*HOW TO COMPLETE THIS TASK*. The task calls for the lines below from the line with "200 Geometric Seamless" to the line with "Mount Fuji Cherry", both ends included, copied exactly, without any pictures.

PROVIDED RECORDS START

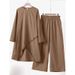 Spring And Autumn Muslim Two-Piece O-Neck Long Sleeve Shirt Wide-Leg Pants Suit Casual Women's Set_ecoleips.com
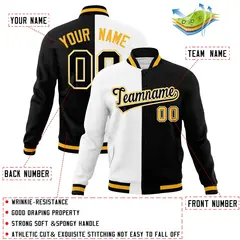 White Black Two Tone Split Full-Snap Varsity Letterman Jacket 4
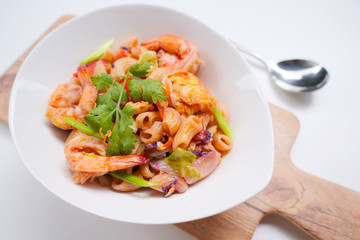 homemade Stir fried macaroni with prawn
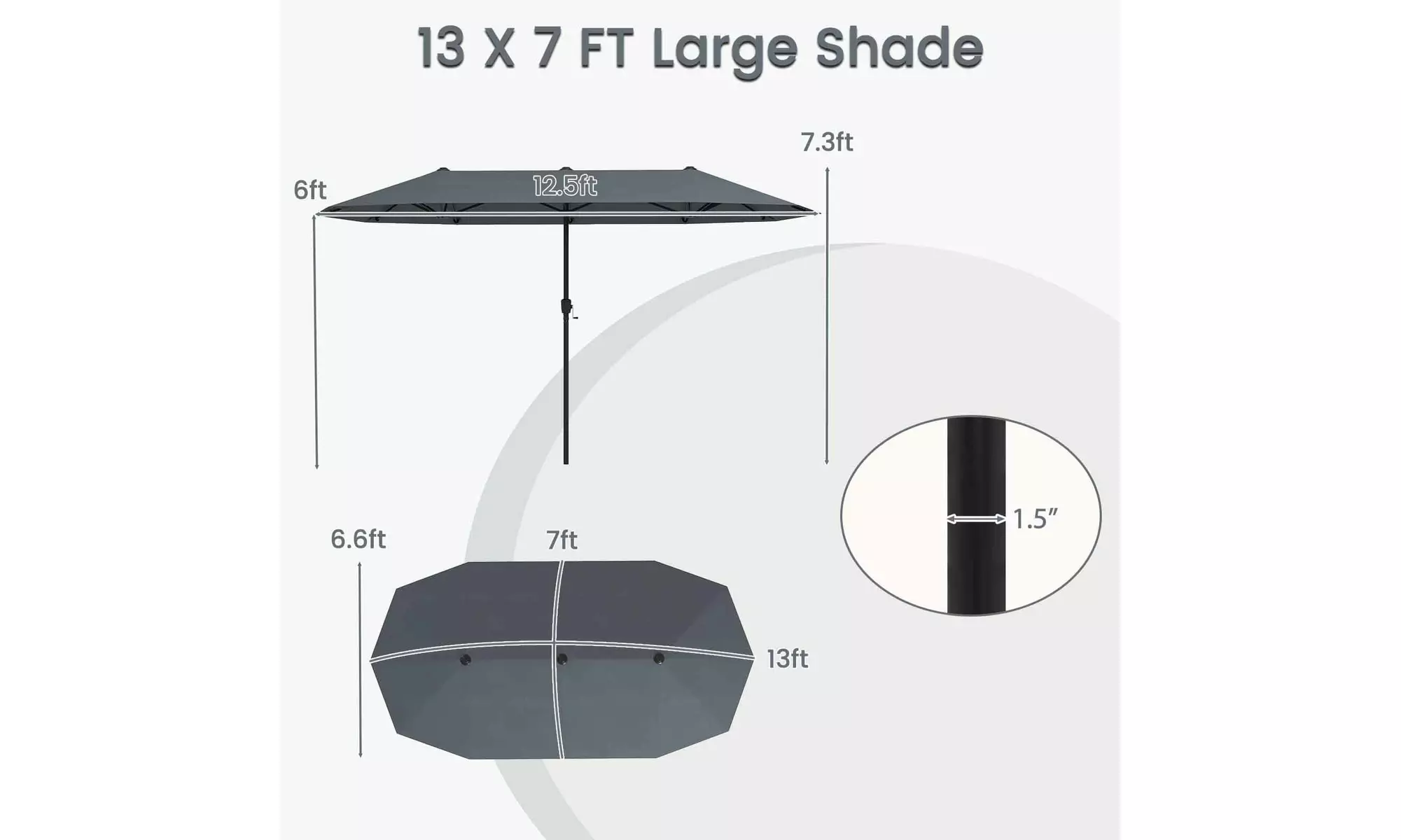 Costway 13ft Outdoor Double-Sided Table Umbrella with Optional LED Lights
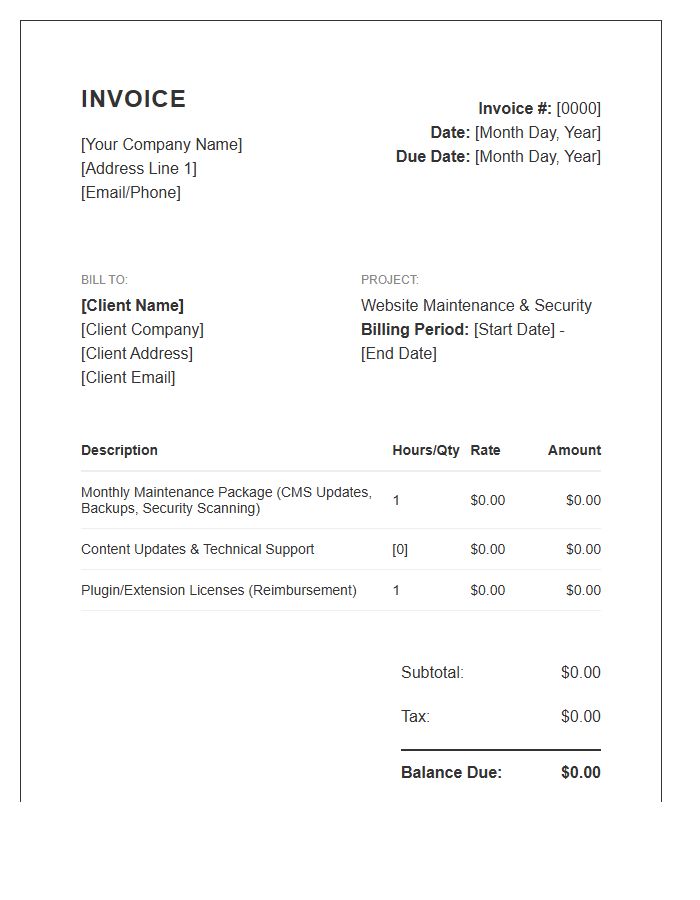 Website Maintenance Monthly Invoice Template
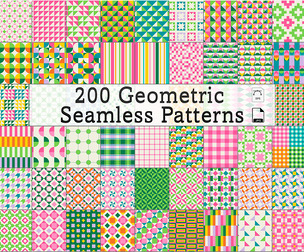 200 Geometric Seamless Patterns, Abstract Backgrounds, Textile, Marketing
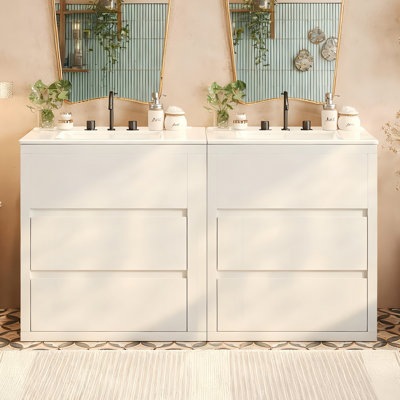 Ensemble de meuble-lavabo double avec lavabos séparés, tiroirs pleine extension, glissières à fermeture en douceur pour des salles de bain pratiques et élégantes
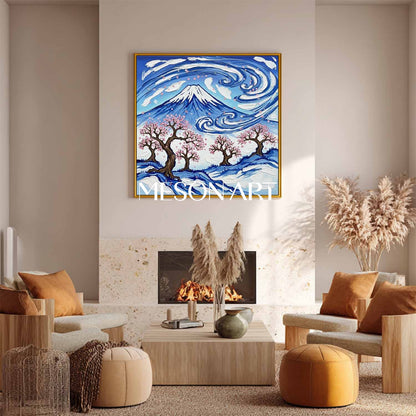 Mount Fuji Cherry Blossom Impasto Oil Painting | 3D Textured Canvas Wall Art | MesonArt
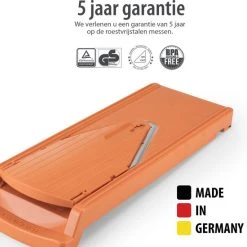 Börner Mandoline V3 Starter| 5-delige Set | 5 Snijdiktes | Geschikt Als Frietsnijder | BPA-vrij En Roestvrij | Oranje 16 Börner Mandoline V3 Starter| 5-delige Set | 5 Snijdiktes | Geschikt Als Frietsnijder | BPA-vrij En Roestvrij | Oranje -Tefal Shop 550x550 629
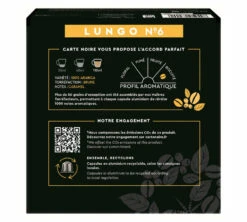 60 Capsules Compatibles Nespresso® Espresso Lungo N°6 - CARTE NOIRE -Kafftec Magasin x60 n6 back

PROVIDED RECORDS END

*EXERCISE OUTPUT*.
 200 Geometric Seamless Patterns, Abstract Backgrounds, Textile, Marketing
 Ensemble de meuble-lavabo double avec lavabos séparés, tiroirs pleine extension, glissières à fermeture en douceur pour des salles de bain pratiques et élégantes
 Mount Fuji Cherry Blossom Impasto Oil Painting | 3D Textured Canvas Wall Art | MesonArt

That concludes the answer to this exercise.